→ **TASK**
Copy all records verbatim, images excluded.

→ **RECORD EXCERPTS**

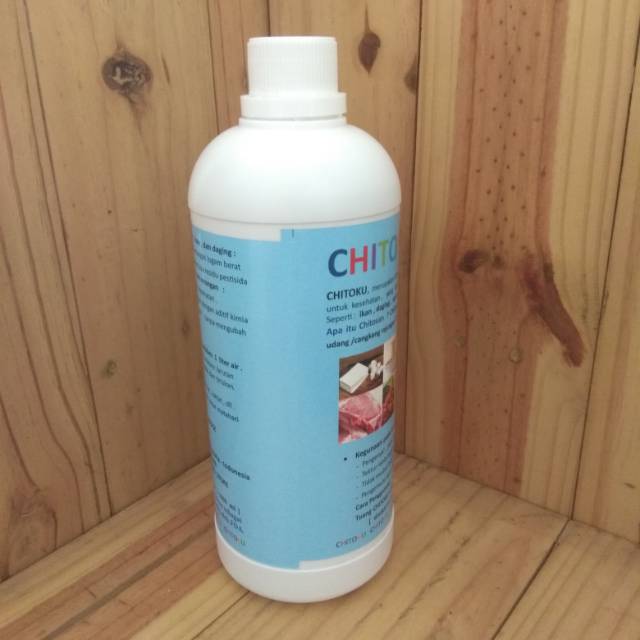 

Chitosan chitoku 1 liter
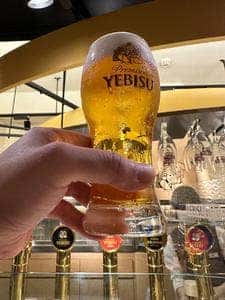 YEBISU BAR 新宿店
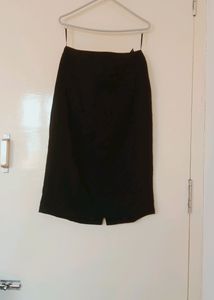 Black Skirt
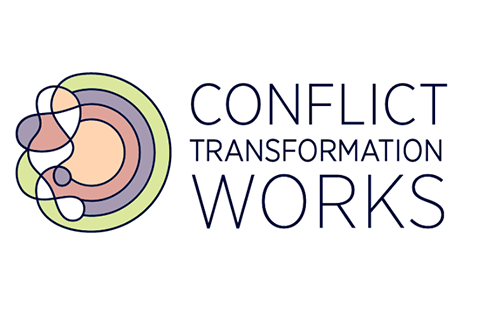 The Conflict Transformation Works logo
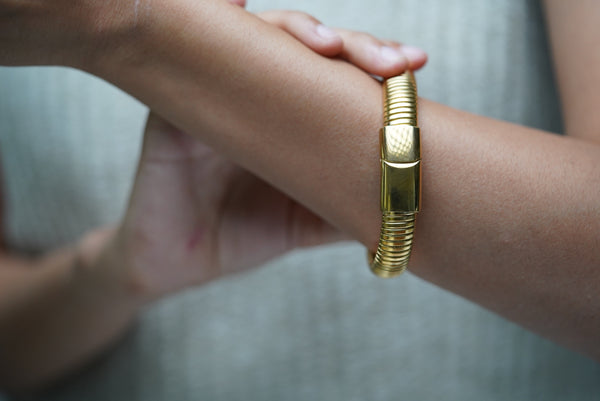Pop Cuff Bracelet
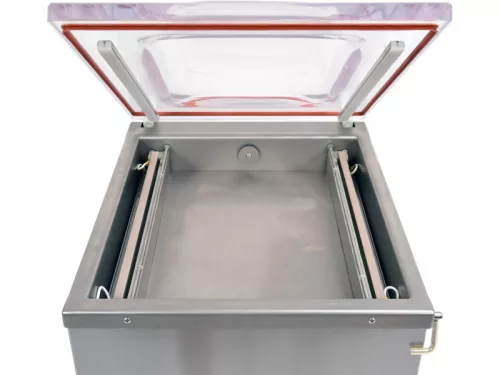 YATO YG-09310 GASTRO Vákuumkamrás vákuumfóliázó gép 420 mm 900 W görgős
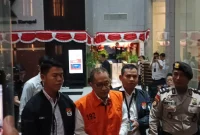 KPK Tahan Eks Kakanwil Terkait Kasus Gratifikasi Rp 20,7 Miliar. Foto: Ist.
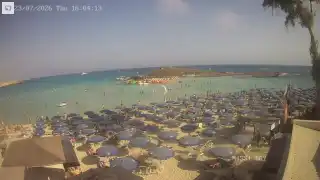 Vorschaubild 23. Juli 2026 14:00 Ayia Napa Zypern - Nissi Beach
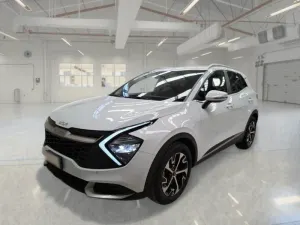 Kia Sportage 1.6 CRDI Style 2023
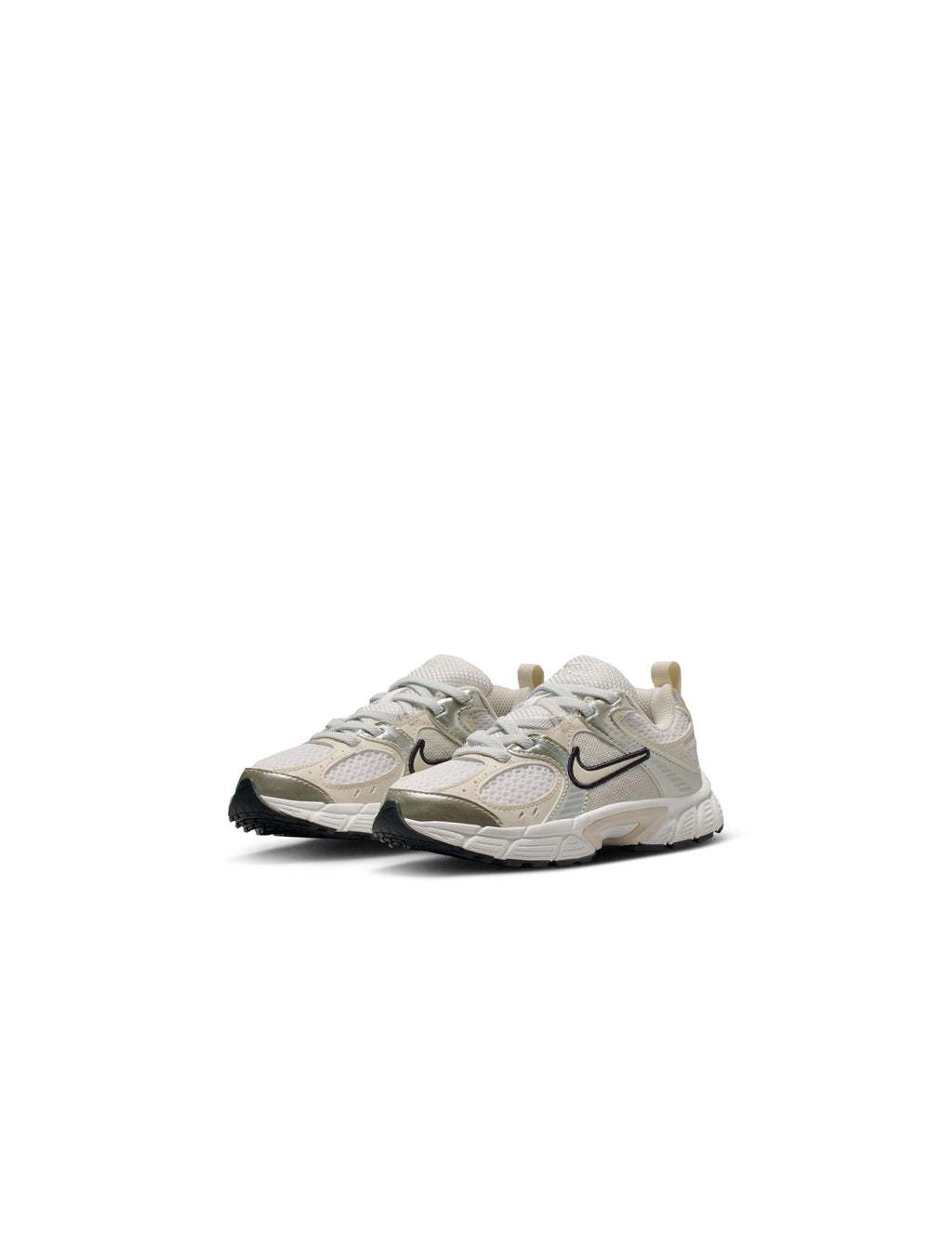 Nike (PS) V5 RNR - Summit White/Orewood Brown
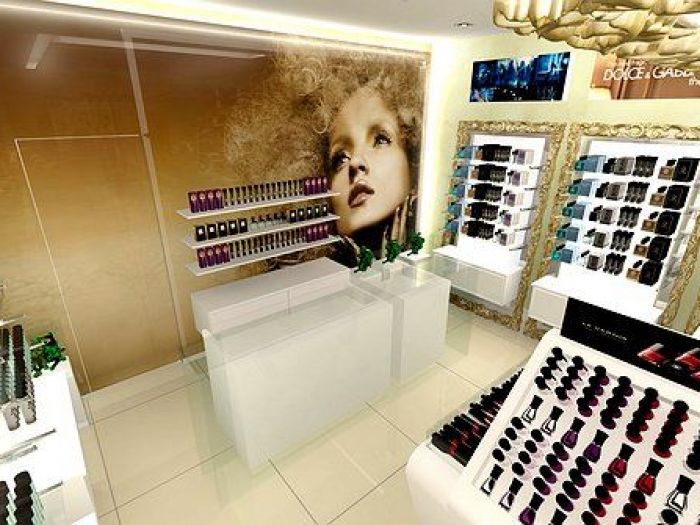 Archisio - Studio Sagitair - Progetto Negozi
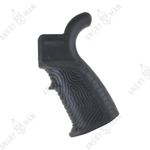 Рукоятка с бобровым хвостом на АR-15. DLG Tactical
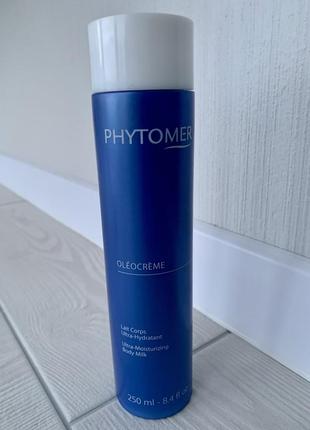 Phytomer oleocrem ultra, крем-лосьйон для тіла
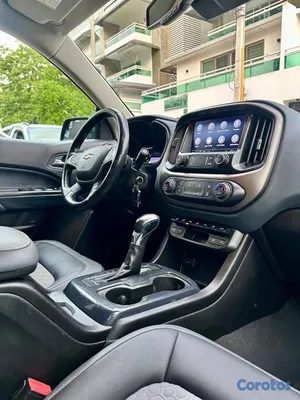 2022 Chevrolet Colorado — foto 17 / 20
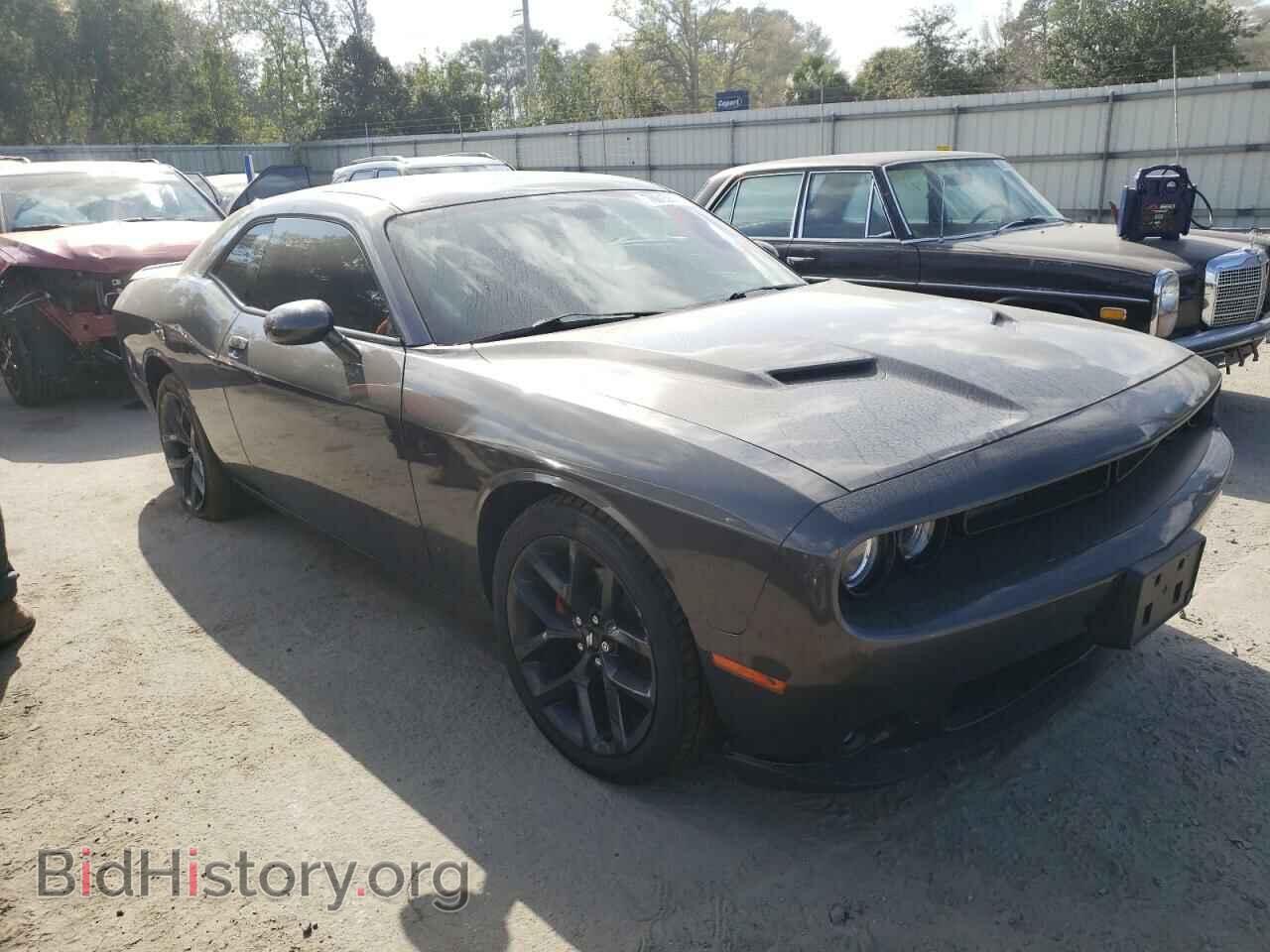 2019 DODGE CHALLENGER - VIN: 2C3CDZAG7KH602561 - Photo 4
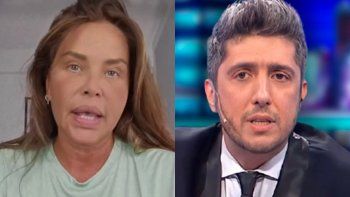 fuerte descargo de nazarena velez contra jey mammon fuerte descargo de nazarena velez contra jey mammon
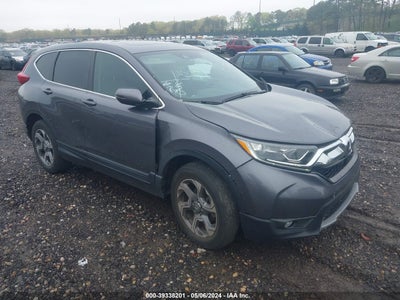 HONDA CR-V 2019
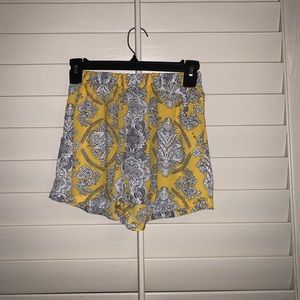 TYCHE shorts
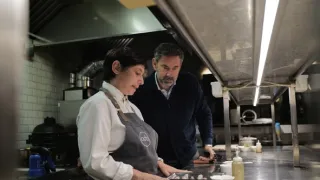 Manu a Matěj na cestě po střední Itálii (10/10)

→ **SOLUTION TO THIS PROBLEM**
Chitosan chitoku 1 liter
 YEBISU BAR 新宿店
 Black Skirt
 The Conflict Transformation Works logo
Pop Cuff Bracelet
 YATO YG-09310 GASTRO Vákuumkamrás vákuumfóliázó gép 420 mm 900 W görgős
 KPK Tahan Eks Kakanwil Terkait Kasus Gratifikasi Rp 20,7 Miliar. Foto: Ist.
 Vorschaubild 23. Juli 2026 14:00 Ayia Napa Zypern - Nissi Beach
 Kia Sportage 1.6 CRDI Style 2023
 Nike (PS) V5 RNR - Summit White/Orewood Brown
 Archisio - Studio Sagitair - Progetto Negozi
 Рукоятка с бобровым хвостом на АR-15. DLG Tactical
 Phytomer oleocrem ultra, крем-лосьйон для тіла
 2022 Chevrolet Colorado — foto 17 / 20
 2019 DODGE CHALLENGER - VIN: 2C3CDZAG7KH602561 - Photo 4
 fuerte descargo de nazarena velez contra jey mammon fuerte descargo de nazarena velez contra jey mammon
 HONDA CR-V 2019
 TYCHE shorts
 Manu a Matěj na cestě po střední Itálii (10/10)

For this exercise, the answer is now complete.